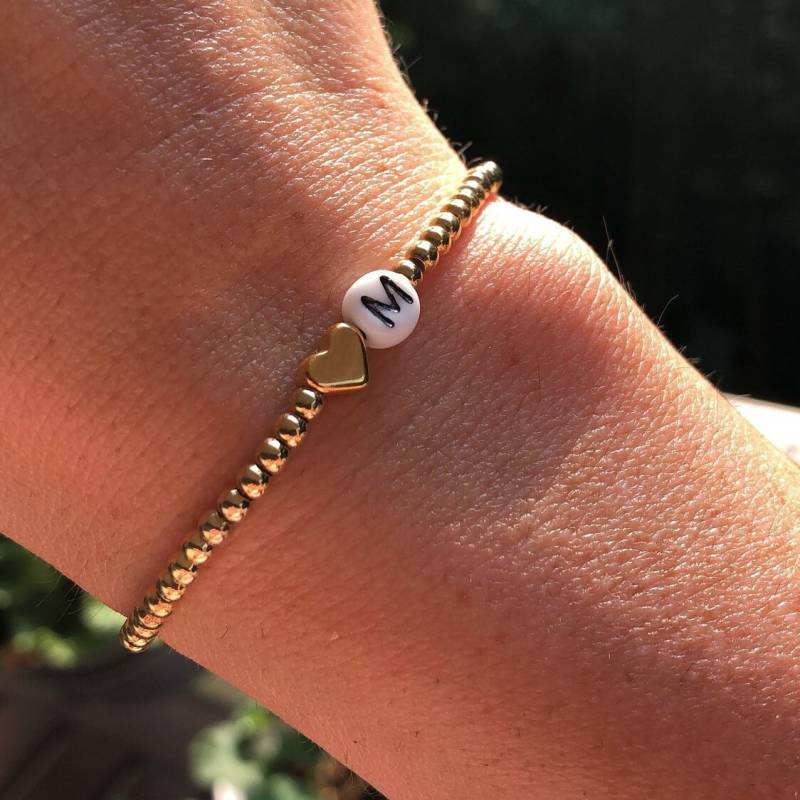 Hämatitarmband Handgemachte Und Personalisierte Armbänder Keramikbuchstaben Hämatitperlen Perlenarmband von minibracelets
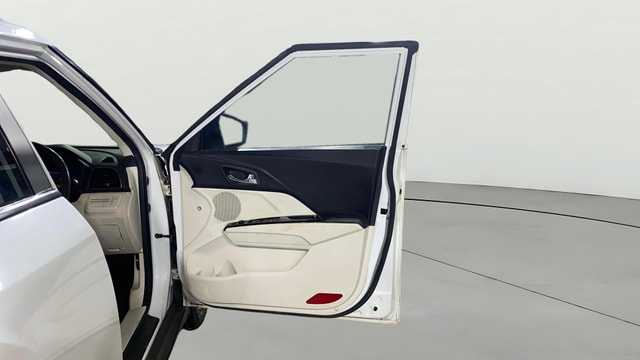 View Mahindra XUV 3XO Image 48 Used Mahindra XUV 3XO Image 48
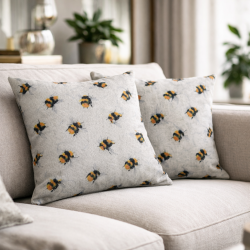 Coussins pour canapé à petits motifs d'abeilles | Coussins imprimés abeilles | Coussins bourdons
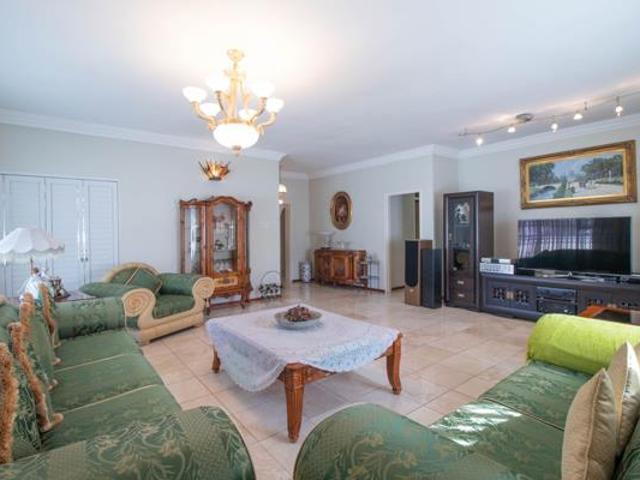 House for sale in Cape Town, Western Cape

☆ ☆ ☆ ☆

AIM OF THE EXERCISE: The material is to be written out word for word, and the pictures are to be left out.

RESPONSE:
 Hämatitarmband Handgemachte Und Personalisierte Armbänder Keramikbuchstaben Hämatitperlen Perlenarmband von minibracelets
 View Mahindra XUV 3XO Image 48 Used Mahindra XUV 3XO Image 48
 Coussins pour canapé à petits motifs d'abeilles | Coussins imprimés abeilles | Coussins bourdons
 House for sale in Cape Town, Western Cape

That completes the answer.